I bought The Witness (the PC version) a couple of years ago, even though it's not a game that I'm inclined to try to play (and I might not even be able to play it). I bought it partly because I was inordinately curious about superficial packaging details like whether or to what extent dynamic linking would be used, how assets would be bundled, and whether they would be obfuscated so they couldn't be viewed or played outside the game. But I also bought it because I knew it had some interesting audio and video recordings, like a recording of Brian Moriarty's lecture "The Secret of Psalm 46". Anyway, I found the audio of that Feynman clip you referenced, and it was indeed playable outside the game, in an ordinary audio player. Now I'm curious about this movie theatre puzzle and the significance of the Feynman clip in the context of the game.
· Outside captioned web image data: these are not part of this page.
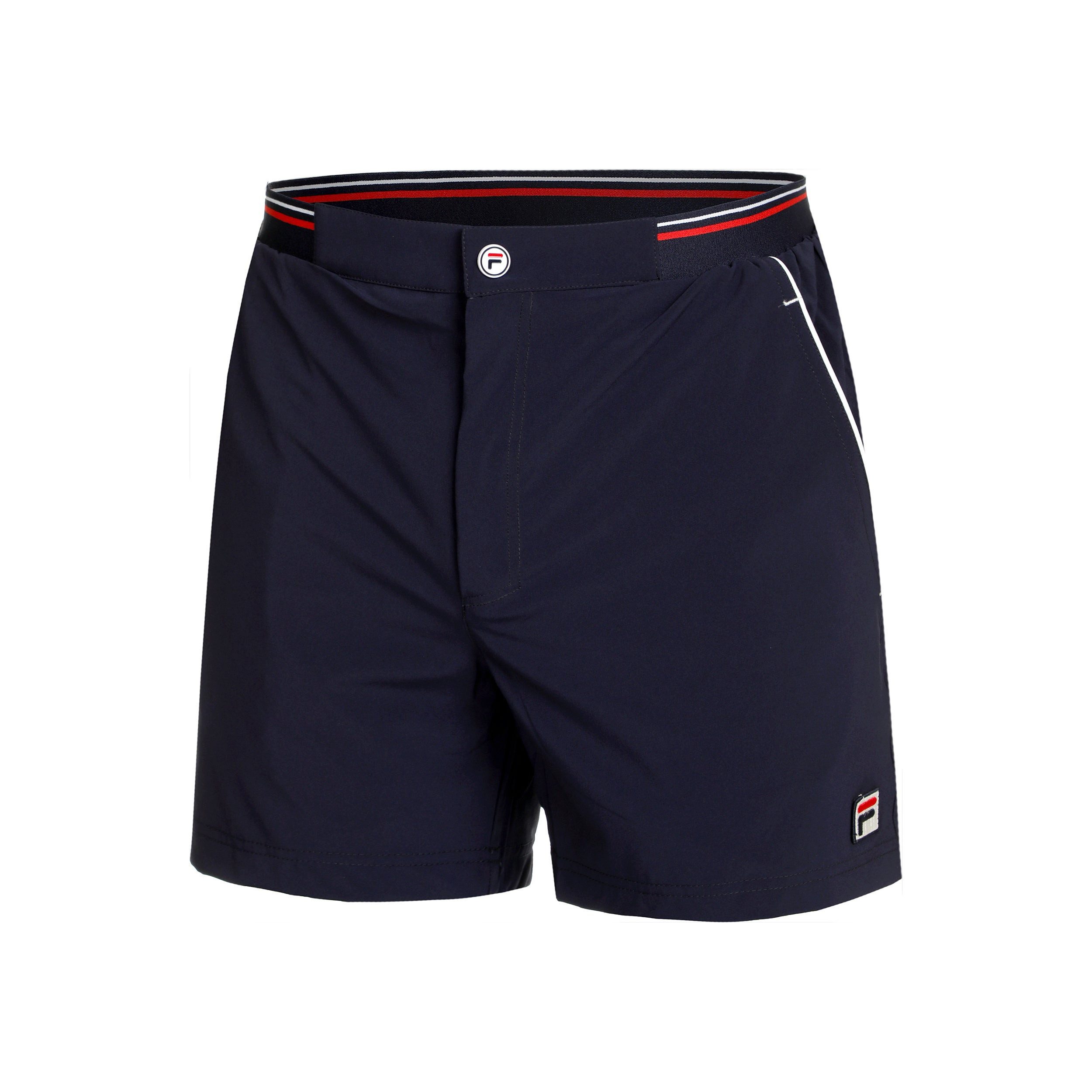 Shorts Stephan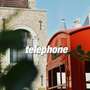 telephone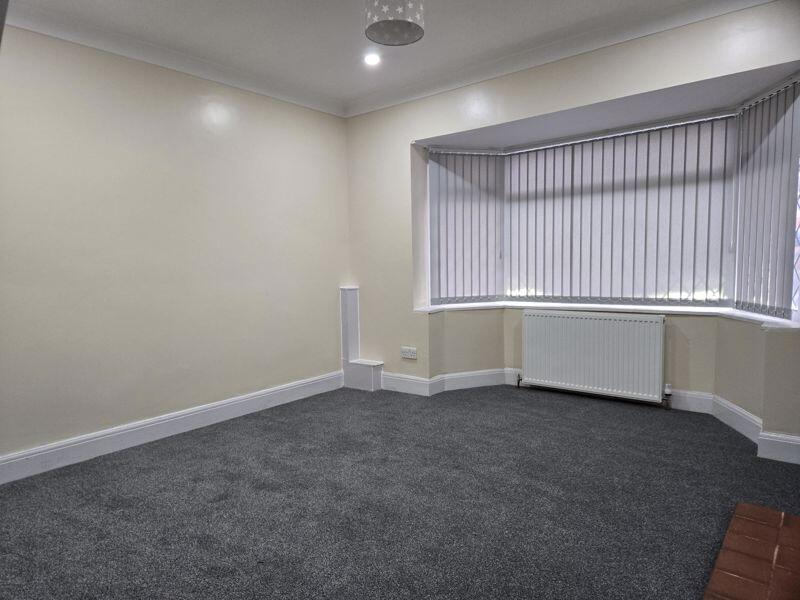 Additional image 5 of Reservoir Road, Selly Oak, Birmingham, B29 6TE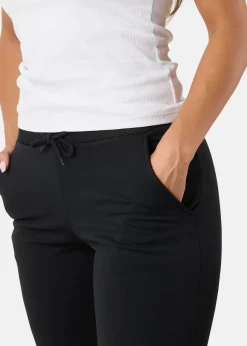 Discount X-trail Training Pants 2.0 W Black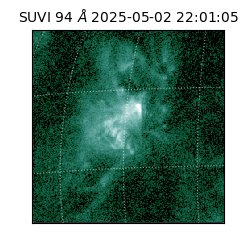 suvi - 2025-05-02T22:01:05.345000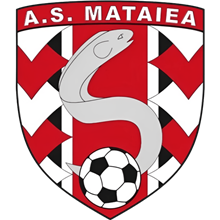 AS Mataiea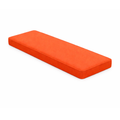 Indoor Bench Cushion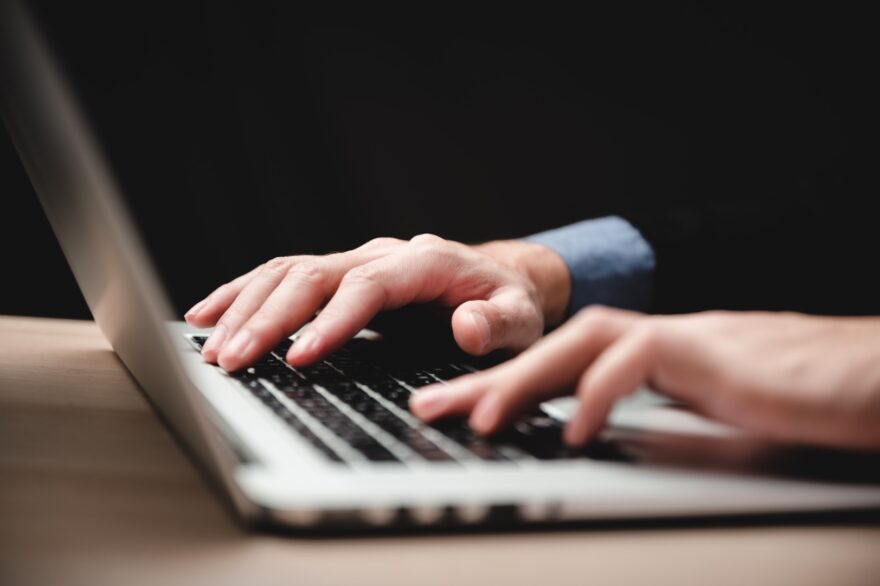 ФГИС «АРШИН»: &#171;Госреестр&#187; средств и методик измерений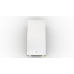 Настенная вытяжка Sirius MO 210 W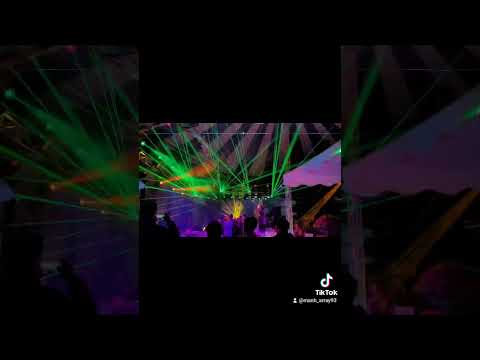 4 laser. và 54 beam 40 led 10cob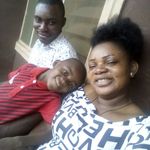 Ogunleye Saheed Ayo - @ogunleyesaheedayo - Instagram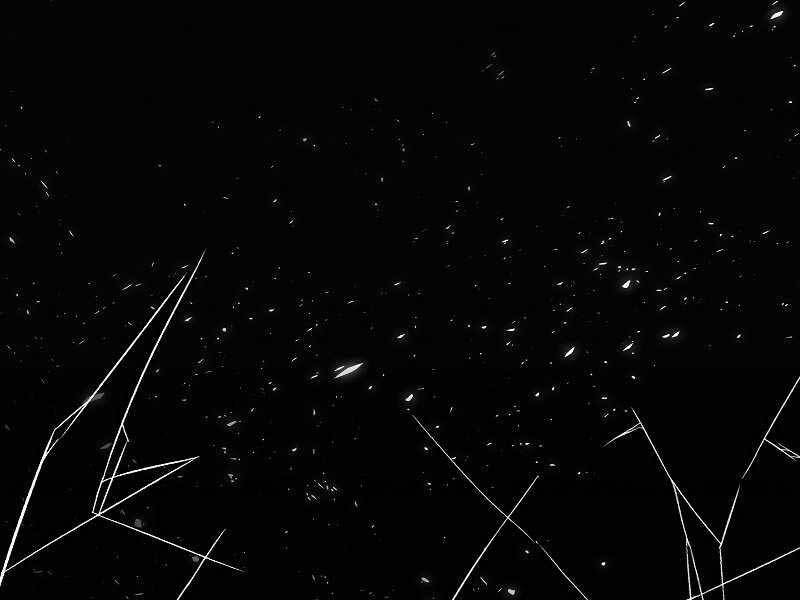 Người Chơi Trở Về Từ Địa Ngục Chapter 79 - 128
It's not a game for everyone, but I'd suggest giving it a reasonably serious try if you're curious. It's by far my favorite puzzle game, and I generally do not like puzzle games.
I played through it with a local retro gaming group over a series of sessions. That made it a lot more relaxed and fun, as we could share the mental load when getting a big fatigued. Most of it we could figure out through simple intuition, persistence, observation, etc, but there is one puzzle at the end that we hand to resort to pen and paper, coming up with a formalism for it.
I thought it would be nice to listen to these with my podcast player on iphone. Here's my too-complicated process that worked:
- in Chrome inspector, look at the network tab when you click play on a Feynman lecture. Right click the mp4 and do "copy as cURL".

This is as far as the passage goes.